Our study has several strengths and limitations. Strengths include the nationally representative study sample and the ability to use individual-level data to examine associations. One key limitation is the cross-sectional study design which does not allow us to infer causality. Therefore, we are unable to show which preventative measures, or combination of them, are most effective. Future work can extend upon current findings and include a factor analysis to analyze what combination of preventative measures are most effective in preventing deaths. We also base our analysis on participants’ response and cannot be certain if people are behaving as they report or will do so in the future (i.e., social desirability bias may be relevant, especially if individuals with certain voting preferences or certain health statuses are more likely to over or underestimate their preventative behaviors) [61, 62]. Furthermore, data were collected in May 2020; people’s voting preferences, preventative social distancing behavior, or vaccine intentions may have changed since then. Additionally, we cannot examine associations between voter preferences and outcomes among individuals without underlying health conditions due to small numbers of individuals in the sub-analysis (i.e., many cell sizes < 10). Our sample of individuals with underlying health conditions (86%) is also higher than official estimates (over 60%) [63]. Survey weights were estimated based on the full study sample (n = 1267), but our analytic sample may not be completely representative of the full study sample. Finally, future research should explore whether alternative underlying factors such as people’s level of altruism and commitment to protecting others against harm could be influencing results [64]. Nevertheless, our study presents novel evidence connecting political preferences, health status, and adherence to COVID-19 preventative behaviors. Public health and community leaders could take the lessons learned to promote adherence to public health prevention efforts [48].
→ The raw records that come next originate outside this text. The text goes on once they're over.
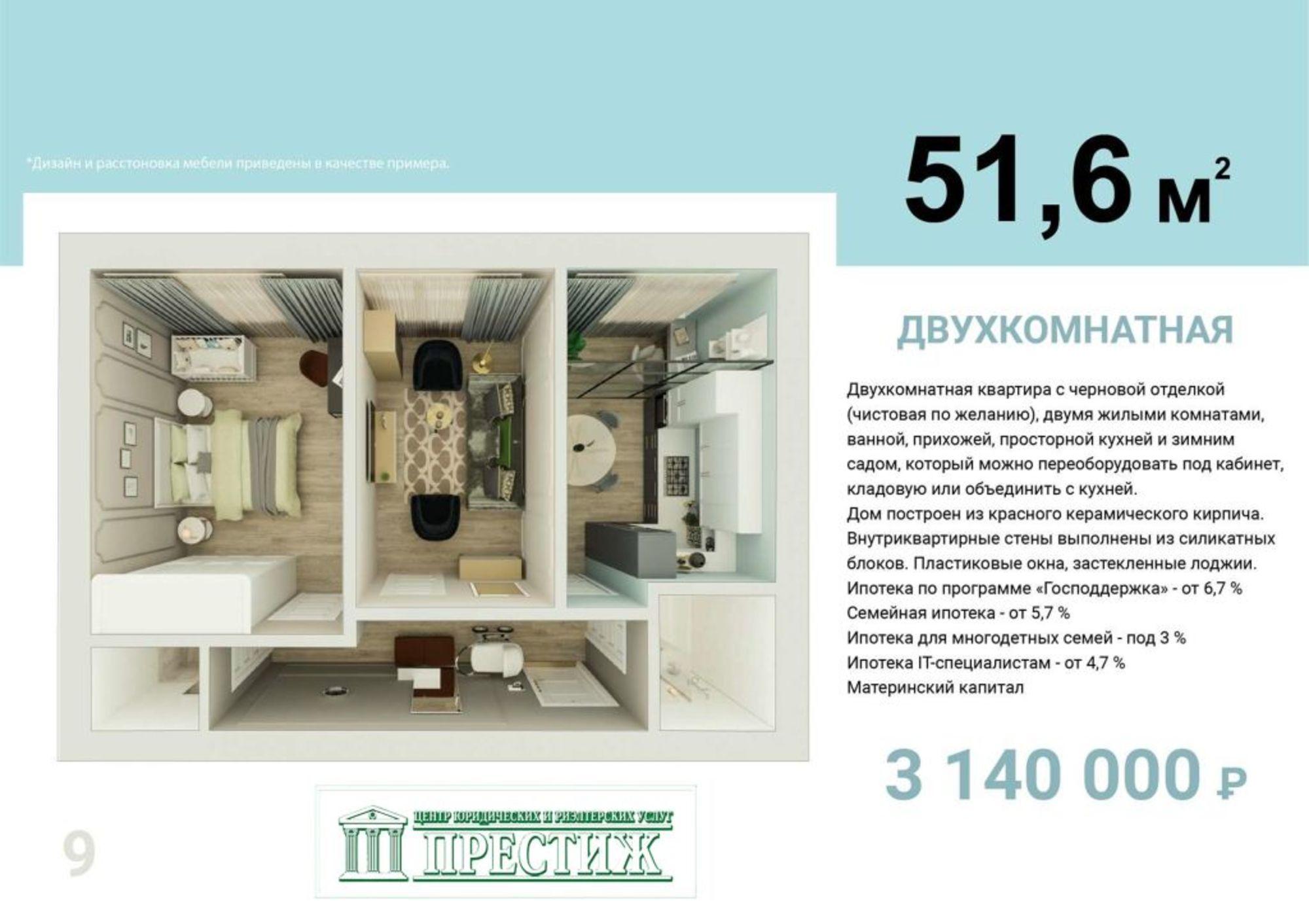 Купить квартиру за 4 500 000 рублей на Просторный мкр, 32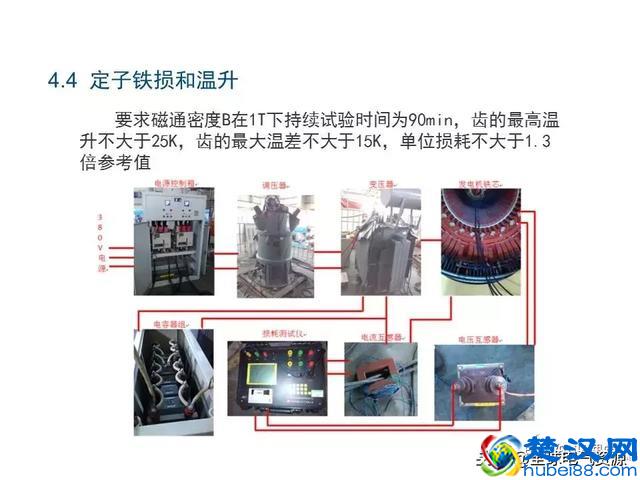 发电机原理和结构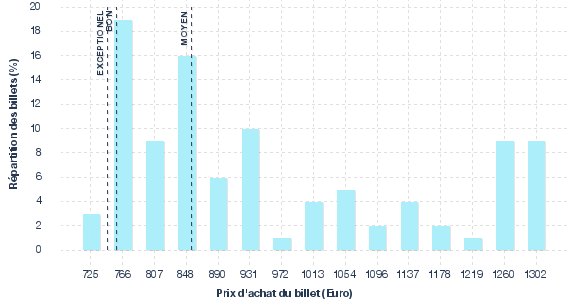 répartition des prix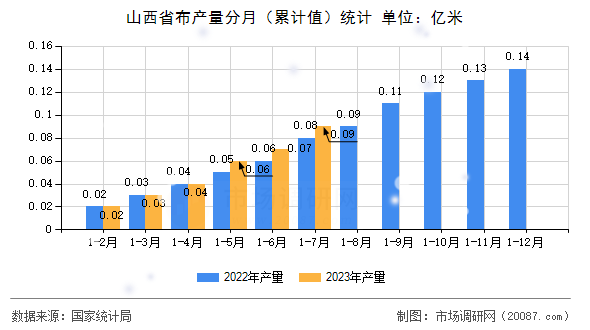山西省布产量分月(累计值)统计 山西省布产量分月(累计值)统计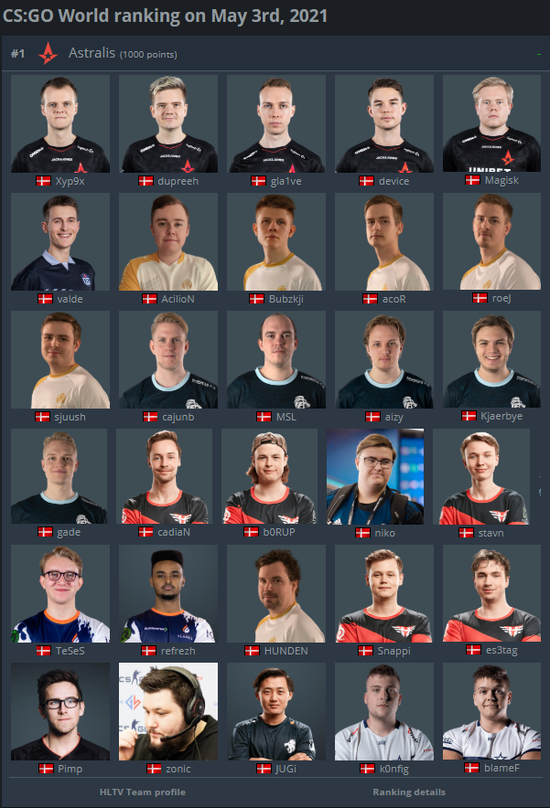 掌握神秘资源点位助你快速致富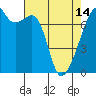 Tide chart for Burrows Bay, Allan Island, Washington on 2024/04/14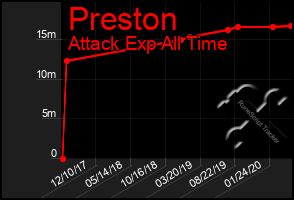 Total Graph of Preston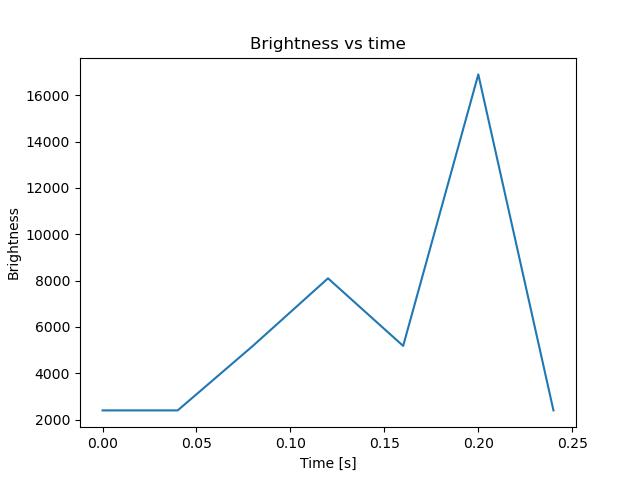brightness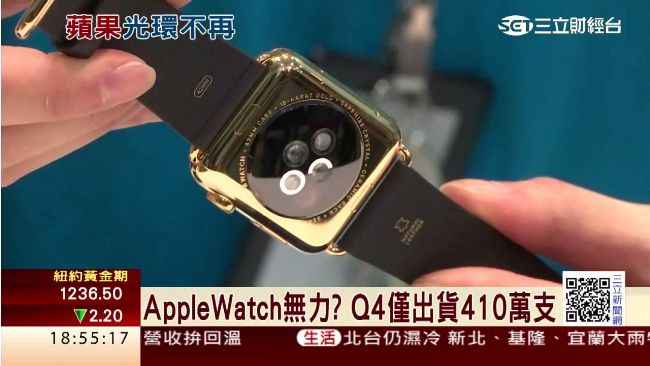 蘋果手錶無力？Q4僅出貨410萬支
Given the urgent need for improved COVID-19 transmission prevention behaviors, and targeted public health campaigns for high-risk populations and their caretakers, we recommend building on lessons learned from successful prevention strategies and policies that can be applied to the conservative voting base. For example, leveraging community-based partnerships with conservative community organizations and using incentives such as monetary compensation to improve prevention adherence [65]. Increasing access to services and benefits (e.g., paid sick leave) that allow for individuals to engage in preventative health behaviors is also paramount [59, 60]. These actions, supplemented by timely, actionable, and consistent public health messages, could improve adherence to COVID-19 prevention behaviors [61]. If the country is to achieve post-pandemic life through the necessary vaccine-induced herd-immunity and reduce community transmission by strict adherence to mitigation strategies [66], a large scale-up of these community-based initiatives and other policy incentives are needed to establish trust and adherence [7, 51].